*** Begin section ***

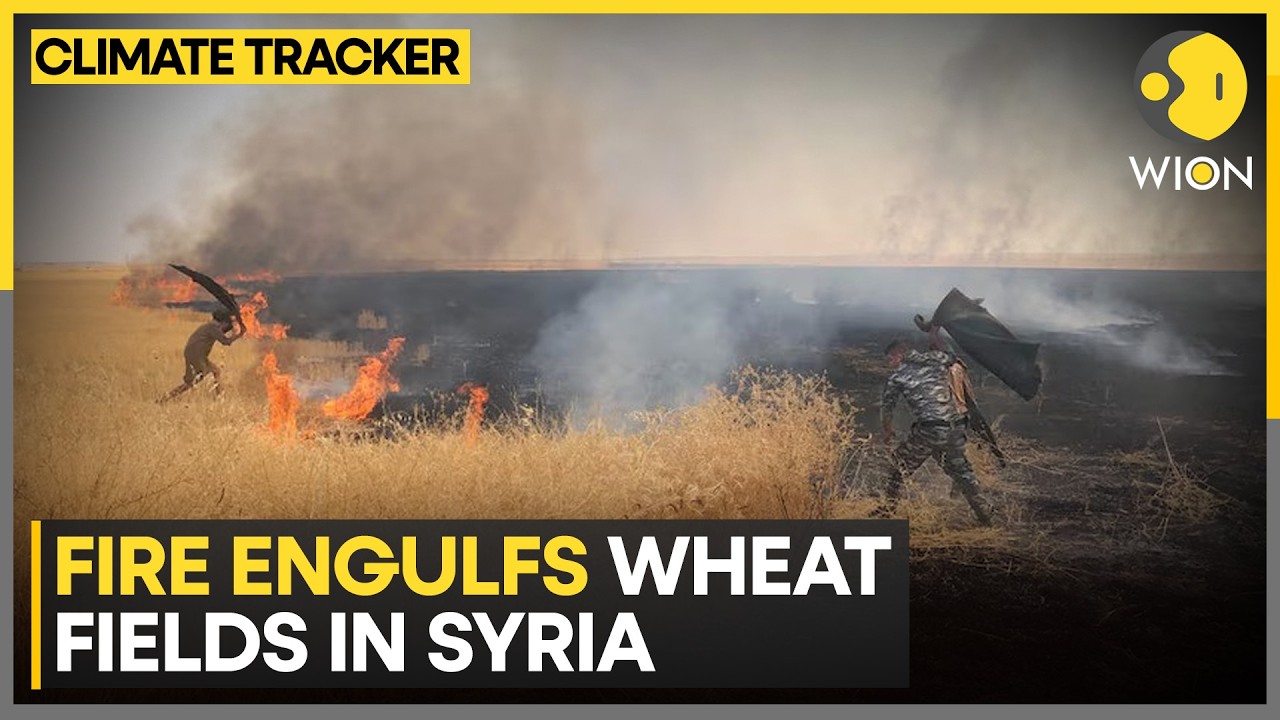 Wildfires Engulf Wheat Fields Across Syria | WION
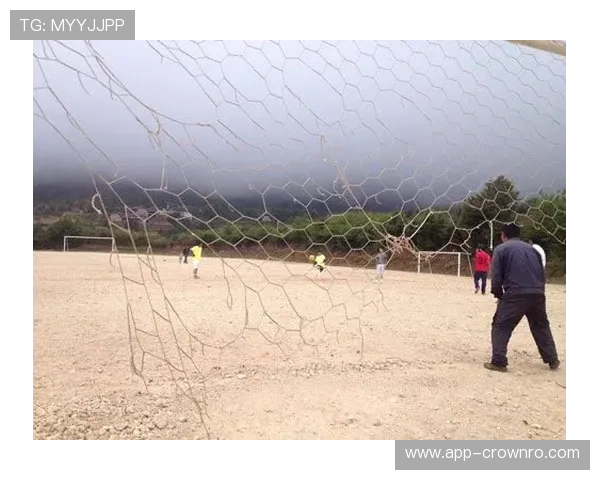 人工草场足球规则与天然草场有何不同?全面拆解关键细节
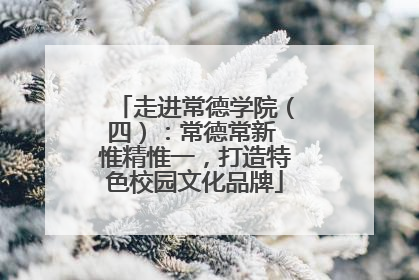 走进常德学院（四）：常德常新 惟精惟一，打造特色校园文化品牌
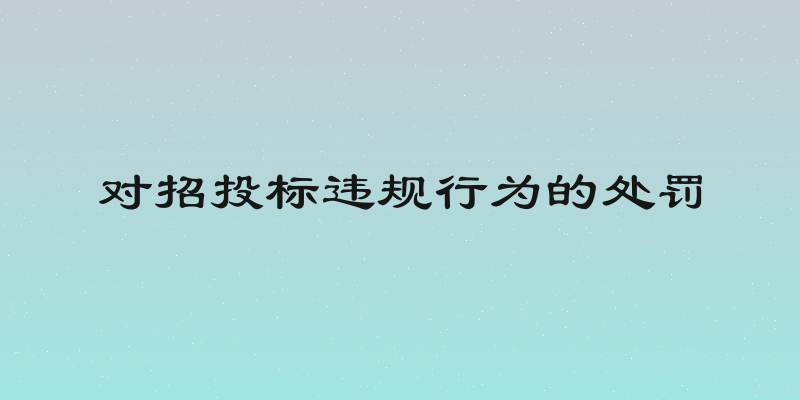 对招投标违规行为的处罚
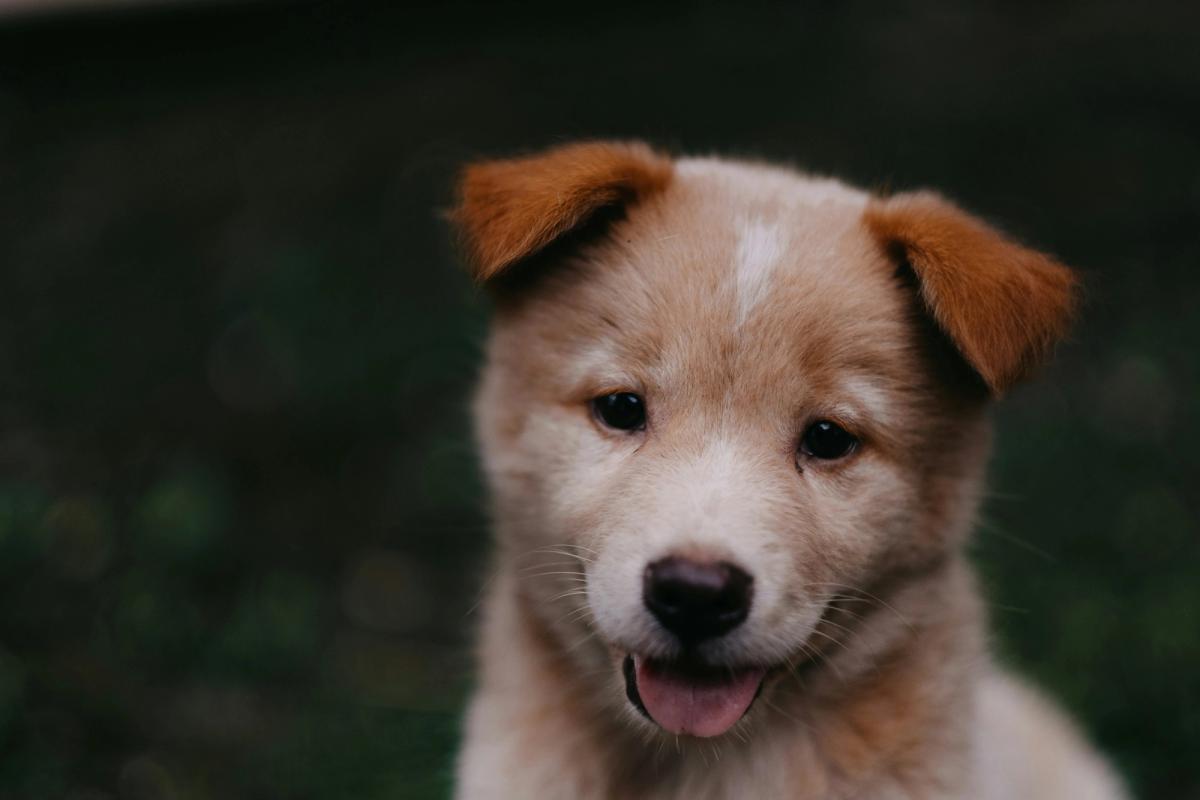 78% of Vet Visits Can Now Happen From Your Couch. Eight States Made It Legal in 2026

*** End section ***

### Your task
Repeat the material exactly and drop each image.

### Written reply
 Wildfires Engulf Wheat Fields Across Syria | WION
 人工草场足球规则与天然草场有何不同?全面拆解关键细节
 走进常德学院（四）：常德常新 惟精惟一，打造特色校园文化品牌
 对招投标违规行为的处罚
 78% of Vet Visits Can Now Happen From Your Couch. Eight States Made It Legal in 2026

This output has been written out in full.